Its longevity is also obtained without genetic modification – its disease-resistant properties come from a gene found in the Asiatic apple malus floribunda.

The apple has been created by Queensland government experts in Australia.


Apples may be among our favourite fruits, but they rarely stay crispy for long enough

Tim Mulherin, Primary Industries Minister, said the state government was looking for a commercial supply partner to put the new apple on the market as early as next year.

"The beauty of this fruit is that you can buy it and stick it in a fruit bowl and it will maintain its firmness, texture and crispness for up to 14 days," he said.

"Another advantage is that if it goes into longer term storage, it will retain its freshness for months on end.

"This new variety is sweet.

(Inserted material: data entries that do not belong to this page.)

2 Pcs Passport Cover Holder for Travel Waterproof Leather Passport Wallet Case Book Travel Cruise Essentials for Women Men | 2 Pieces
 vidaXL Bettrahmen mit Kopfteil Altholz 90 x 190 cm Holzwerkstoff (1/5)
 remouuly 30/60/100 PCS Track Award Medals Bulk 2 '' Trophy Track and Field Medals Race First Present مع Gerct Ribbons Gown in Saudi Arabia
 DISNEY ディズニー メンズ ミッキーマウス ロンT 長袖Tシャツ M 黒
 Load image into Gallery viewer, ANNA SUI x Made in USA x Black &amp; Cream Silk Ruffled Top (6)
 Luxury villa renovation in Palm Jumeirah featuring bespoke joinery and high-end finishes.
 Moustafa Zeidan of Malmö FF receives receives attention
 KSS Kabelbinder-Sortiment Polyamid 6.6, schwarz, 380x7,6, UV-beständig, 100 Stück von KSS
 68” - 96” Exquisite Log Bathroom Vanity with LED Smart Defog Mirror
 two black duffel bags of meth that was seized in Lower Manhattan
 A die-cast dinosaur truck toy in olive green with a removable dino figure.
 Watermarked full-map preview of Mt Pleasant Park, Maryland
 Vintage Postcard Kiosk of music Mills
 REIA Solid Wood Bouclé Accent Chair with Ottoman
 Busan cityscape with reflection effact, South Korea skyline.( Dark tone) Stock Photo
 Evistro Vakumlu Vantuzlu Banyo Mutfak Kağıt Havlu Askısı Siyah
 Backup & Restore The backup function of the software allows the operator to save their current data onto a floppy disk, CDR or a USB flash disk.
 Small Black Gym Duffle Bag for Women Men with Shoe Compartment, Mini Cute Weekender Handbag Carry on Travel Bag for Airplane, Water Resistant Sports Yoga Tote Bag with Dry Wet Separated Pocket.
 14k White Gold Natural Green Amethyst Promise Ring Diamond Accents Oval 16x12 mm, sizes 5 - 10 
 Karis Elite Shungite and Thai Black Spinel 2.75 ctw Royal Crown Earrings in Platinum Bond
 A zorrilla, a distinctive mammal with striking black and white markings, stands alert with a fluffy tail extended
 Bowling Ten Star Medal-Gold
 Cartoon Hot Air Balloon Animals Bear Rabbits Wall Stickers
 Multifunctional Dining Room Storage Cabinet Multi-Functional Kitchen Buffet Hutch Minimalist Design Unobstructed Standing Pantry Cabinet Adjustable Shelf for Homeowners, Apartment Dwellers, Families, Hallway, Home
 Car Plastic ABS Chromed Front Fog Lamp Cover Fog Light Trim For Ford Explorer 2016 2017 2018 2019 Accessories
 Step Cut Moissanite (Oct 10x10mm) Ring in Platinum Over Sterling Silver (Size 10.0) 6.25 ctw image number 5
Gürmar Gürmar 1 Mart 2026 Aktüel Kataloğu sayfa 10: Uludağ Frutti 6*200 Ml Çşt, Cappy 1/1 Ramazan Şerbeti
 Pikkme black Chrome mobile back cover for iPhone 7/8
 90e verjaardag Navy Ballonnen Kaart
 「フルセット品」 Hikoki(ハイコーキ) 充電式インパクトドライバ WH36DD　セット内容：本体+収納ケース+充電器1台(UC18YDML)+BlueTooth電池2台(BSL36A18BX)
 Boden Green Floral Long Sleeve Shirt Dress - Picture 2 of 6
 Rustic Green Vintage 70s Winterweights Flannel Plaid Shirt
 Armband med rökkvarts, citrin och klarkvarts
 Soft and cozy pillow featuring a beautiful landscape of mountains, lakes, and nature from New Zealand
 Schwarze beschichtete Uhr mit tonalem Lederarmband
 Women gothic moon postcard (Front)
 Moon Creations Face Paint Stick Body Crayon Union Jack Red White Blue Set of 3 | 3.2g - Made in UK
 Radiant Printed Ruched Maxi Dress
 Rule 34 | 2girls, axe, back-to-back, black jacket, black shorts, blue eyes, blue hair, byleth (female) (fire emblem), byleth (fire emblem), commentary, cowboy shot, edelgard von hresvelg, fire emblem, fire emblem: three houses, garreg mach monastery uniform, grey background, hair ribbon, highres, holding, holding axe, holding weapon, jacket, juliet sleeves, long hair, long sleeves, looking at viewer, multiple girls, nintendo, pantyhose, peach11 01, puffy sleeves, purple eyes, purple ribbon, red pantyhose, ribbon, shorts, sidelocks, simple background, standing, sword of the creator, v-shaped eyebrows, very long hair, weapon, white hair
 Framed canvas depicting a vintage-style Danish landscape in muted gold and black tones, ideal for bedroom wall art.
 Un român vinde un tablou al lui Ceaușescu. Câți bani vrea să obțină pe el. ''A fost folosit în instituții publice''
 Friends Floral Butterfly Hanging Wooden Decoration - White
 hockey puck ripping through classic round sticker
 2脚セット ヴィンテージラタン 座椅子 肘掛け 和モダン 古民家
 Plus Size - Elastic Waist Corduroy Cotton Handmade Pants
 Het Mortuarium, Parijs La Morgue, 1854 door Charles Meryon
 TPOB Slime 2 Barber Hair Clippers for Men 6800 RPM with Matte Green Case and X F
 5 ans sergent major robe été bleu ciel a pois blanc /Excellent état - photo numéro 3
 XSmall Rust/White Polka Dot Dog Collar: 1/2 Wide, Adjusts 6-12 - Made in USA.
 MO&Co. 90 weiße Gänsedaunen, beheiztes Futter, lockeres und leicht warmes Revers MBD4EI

It ticks the other boxes too because it is disease resistant, so requires few or no fungicides.

"Initial taste tests have been outstanding. Out of the five apple types tasted, the new variety scored the highest – even better than the Pink Lady which is very popular in Britain."

Scientist Dr Simon Middleton has been working with apples at the Applethorpe Research Station since 1980 and said he was impressed by RS103-130.

"This variety is unique in that it is naturally resistant to apple scab, also called black spot, a disease that costs the apple industry £6m a year in Australia alone," he said.

"There is a huge demand from growers to find a disease-resistant variety that requires few or no fungicides."